>>>>>

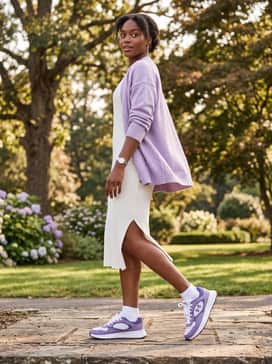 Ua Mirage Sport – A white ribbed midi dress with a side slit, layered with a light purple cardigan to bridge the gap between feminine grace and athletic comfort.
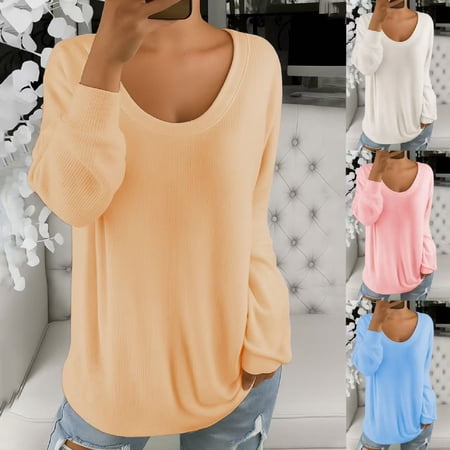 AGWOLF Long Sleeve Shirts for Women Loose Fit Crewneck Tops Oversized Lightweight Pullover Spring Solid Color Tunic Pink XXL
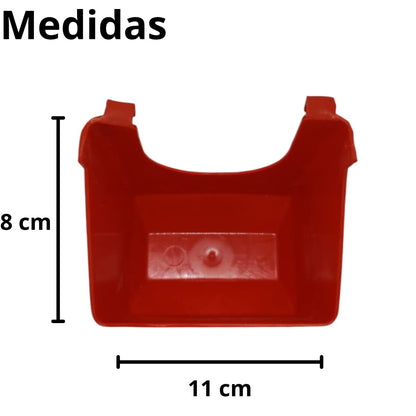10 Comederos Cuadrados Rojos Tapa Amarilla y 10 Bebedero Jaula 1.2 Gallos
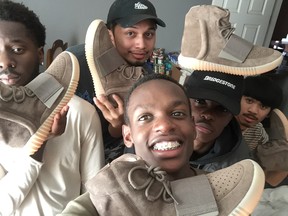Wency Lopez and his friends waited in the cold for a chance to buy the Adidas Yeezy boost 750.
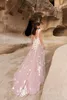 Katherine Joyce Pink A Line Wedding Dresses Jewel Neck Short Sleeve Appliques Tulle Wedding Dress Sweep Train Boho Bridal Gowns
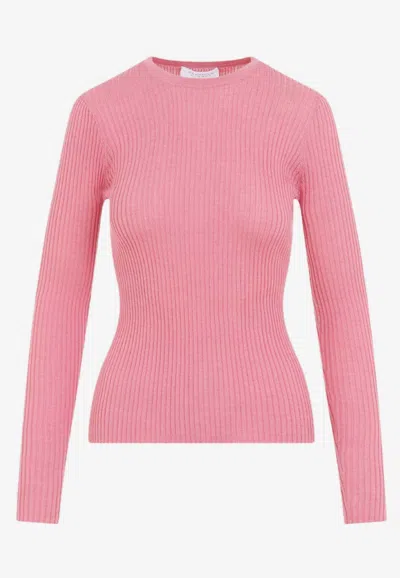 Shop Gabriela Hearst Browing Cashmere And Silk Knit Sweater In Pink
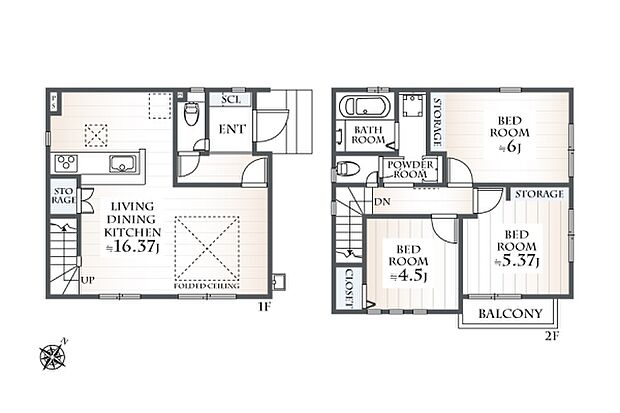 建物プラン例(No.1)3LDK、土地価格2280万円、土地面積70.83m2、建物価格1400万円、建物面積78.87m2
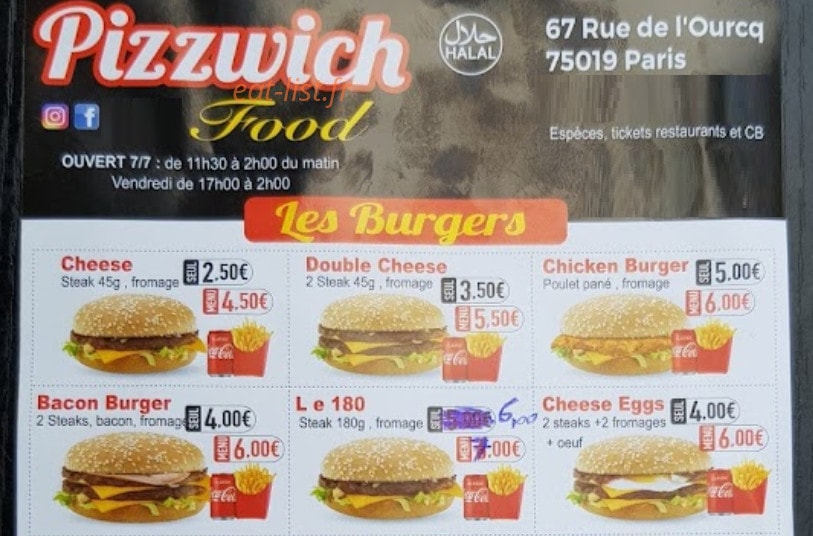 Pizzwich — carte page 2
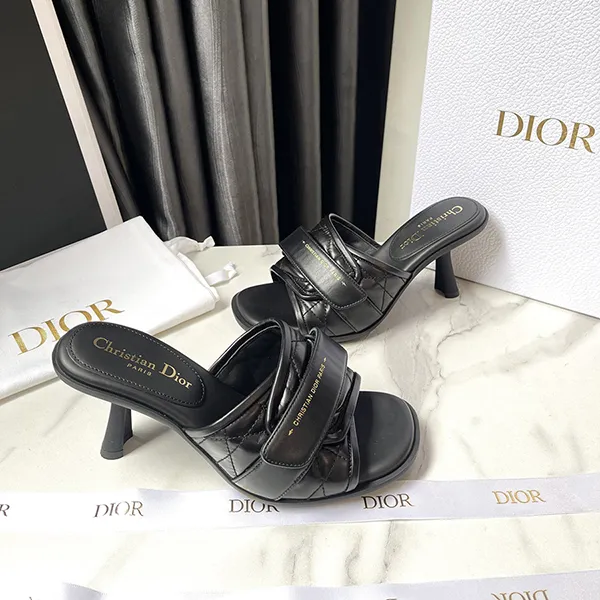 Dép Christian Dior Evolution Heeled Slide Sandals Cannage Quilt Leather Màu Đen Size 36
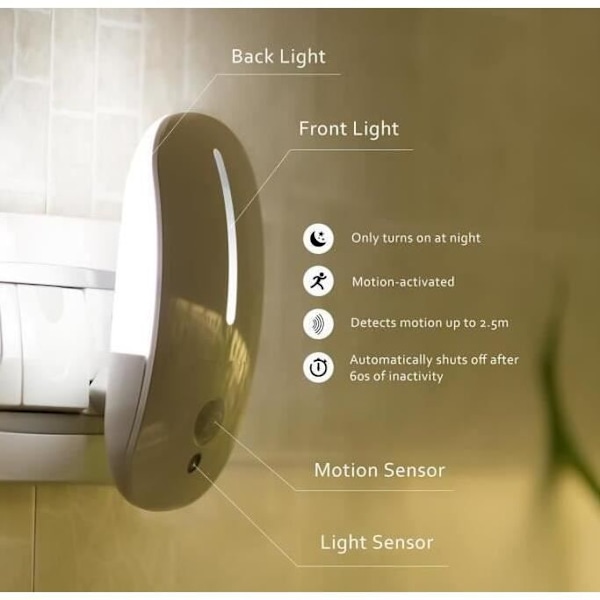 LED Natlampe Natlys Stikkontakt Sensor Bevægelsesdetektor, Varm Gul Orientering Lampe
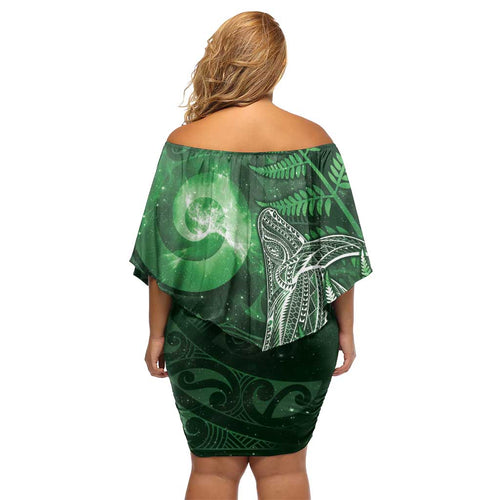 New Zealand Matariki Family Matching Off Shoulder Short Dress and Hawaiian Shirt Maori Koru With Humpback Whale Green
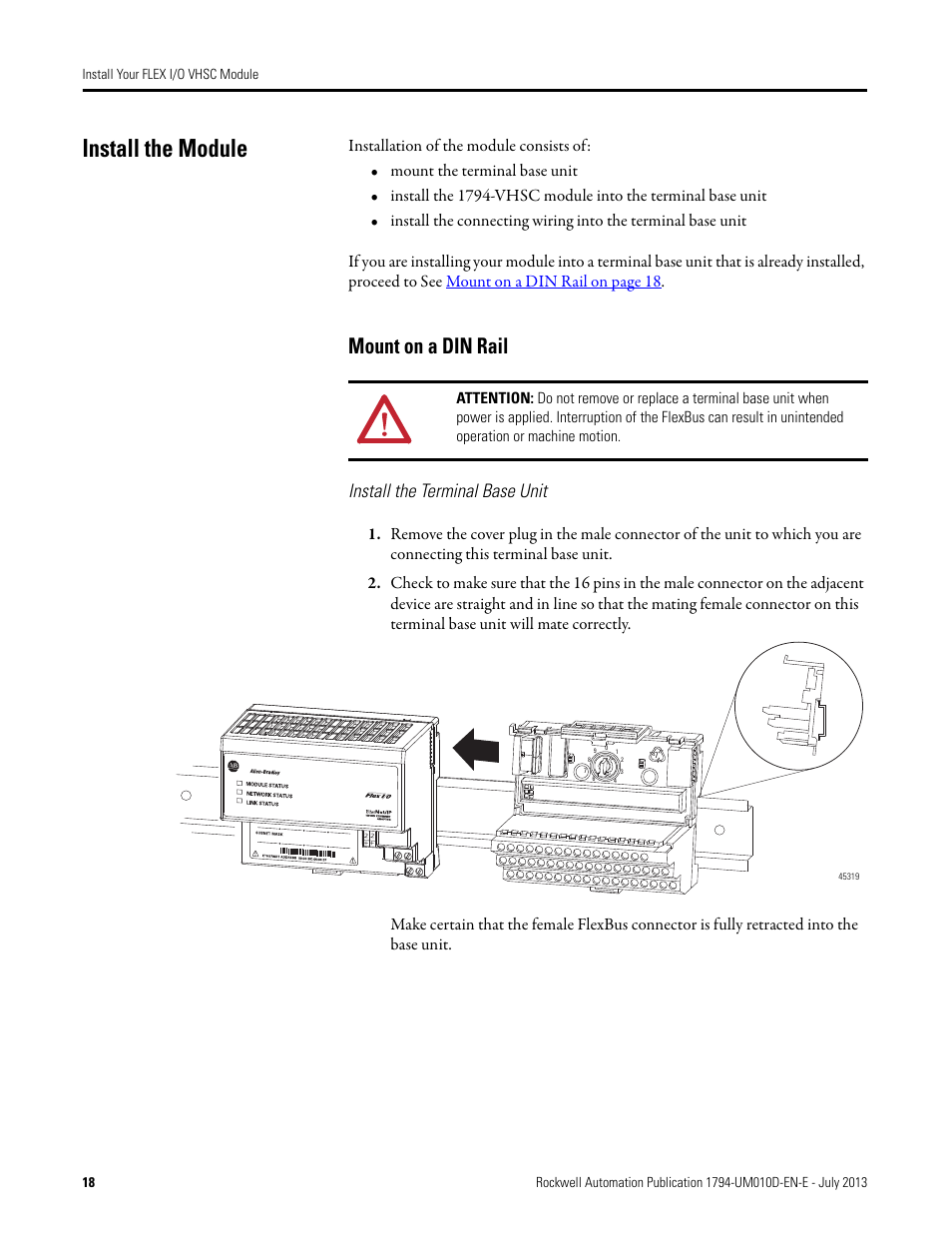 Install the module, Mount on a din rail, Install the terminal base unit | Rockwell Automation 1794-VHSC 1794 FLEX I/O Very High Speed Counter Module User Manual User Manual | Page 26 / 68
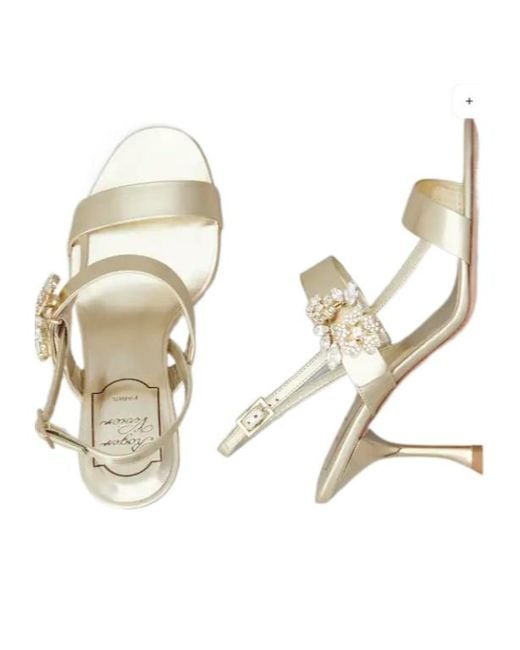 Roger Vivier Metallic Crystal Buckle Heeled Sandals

<<<<<

Task description — Please write out, word for word, only the lines from the one holding "LED Natlampe Natlys" through the end of the records above, with both end lines included and the pictures dropped.

Exercise answer —
 LED Natlampe Natlys Stikkontakt Sensor Bevægelsesdetektor, Varm Gul Orientering Lampe
 New Zealand Matariki Family Matching Off Shoulder Short Dress and Hawaiian Shirt Maori Koru With Humpback Whale Green
 Install the module, Mount on a din rail, Install the terminal base unit | Rockwell Automation 1794-VHSC 1794 FLEX I/O Very High Speed Counter Module User Manual User Manual | Page 26 / 68
 Roger Vivier Metallic Crystal Buckle Heeled Sandals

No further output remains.